Rahul Sharma at an earlier performance
Titled gats (compositions), these pieces are set to specific ragas in cycles of seven beats or 16 beats. "They will be performed in ragas such as kirwani, charukesi or rasikapriya. He [my father] had adapted many Carnatic ragas since they sounded better with the santoor."
For Ustad Shujaat Khan, the concert is about more than just a recollection of the maestro's musical legacy. "I look at his life from the perspectives of musicality - unparalleled and beyond us in some ways - and his humanity. He has left footprints in the musical sand for us to follow," the sitarist poetically summarises. Recalling a conversation in Dhaka with the late Panditji, Khan remarks, "I remember specifically spending a couple of hours talking with him about the feeling of ragas. Everything comes down to how the musician and what the occasion makes them feel."
In that traditional Indian music can be quite similar to jazz.
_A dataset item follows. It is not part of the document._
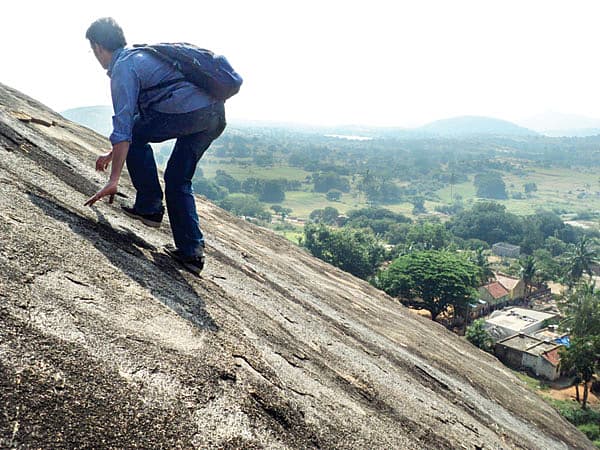 <b>ಚನ್ನರಾಯನ ದುರ್ಗವೇ ಚೆನ್ನ</b>: ಚನ್ನರಾಯನದುರ್ಗ ತುಮಕೂರು ಜಿಲ್ಲೆ ಮಧುಗಿರಿಯ ಬಳಿ ಇರುವ ಸಣ್ಣ ಹಳ್ಳಿ. ಇಲ್ಲಿಯ ಬೆಟ್ಟವು ಕರ್ನಾಟಕದ ಅಗ್ರ ಶ್ರೇಣಿಯ ದುರ್ಗಗಳಲ್ಲಿ ಒಂದು. ಚಾರಣಪ್ರಿಯರಿಗೆ ಒಳ್ಳೆಯ ಅನುಭವವ. ದುರ್ಗದ ಅರ್ಧ ಭಾಗವನ್ನು ಪ್ರಯಾಸದಿಂದಲೇ ಕ್ರಮಿಸಬೇಕು. ಏಕೆಂದರೆ ಇದಕ್ಕೆ ಸರಿಯಾದ ಮಾರ್ಗವಾಗಲೀ ಅಥ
Sharma agrees saying, "In classical music, notes are mostly improvised within the periphery of the raga. It is more similar to jazz in that sense because it is being improvised on the spot." Khan though notes that it is the honour of paying tribute that makes the occasion more warranted. Sharma adds that he also plans to exhibit his own style of the santoor in the second half of the evening. "But we will place emphasis on his compositions since it is a tribute," he notes.
Ustad Shujaat Khan
It is hard to not mention the word legacy in a conversation with Sharma. With his own son, nine-year-old Abhinav, already learning the santoor, Sharma says it will continue, but it extends to more than music. "The creativity that went into the evolution of the santoor is unfathomable. My father was synonymous with the instrument." The tradition continues through Sharma's own sense of musical innovation. Having collaborated with the likes of Kenny G, Richard Clayderman and John McLaughlin, Sharma recorded an orchestral piece with the Cape Town Philharmonic with the santoor leading a 50-member orchestra last year.
"It is one of our joys that my father was able to witness the session. After the session, he told me how he had never imagined that the santoor would be the centrepiece of such a composition," Sharma recalls. Titled The Symphony of Santoor with the Cape Town Philharmonic, the album is set to come out later this year. As for the future, the santoor player says, "I am a composer at heart, and always at work. That journey will continue, and so will the journey of the listeners who will join us to celebrate the evening."
On: May 10; 6.30 pm onwards
At: Nehru Centre, Dr Annie Besant Road, Worli.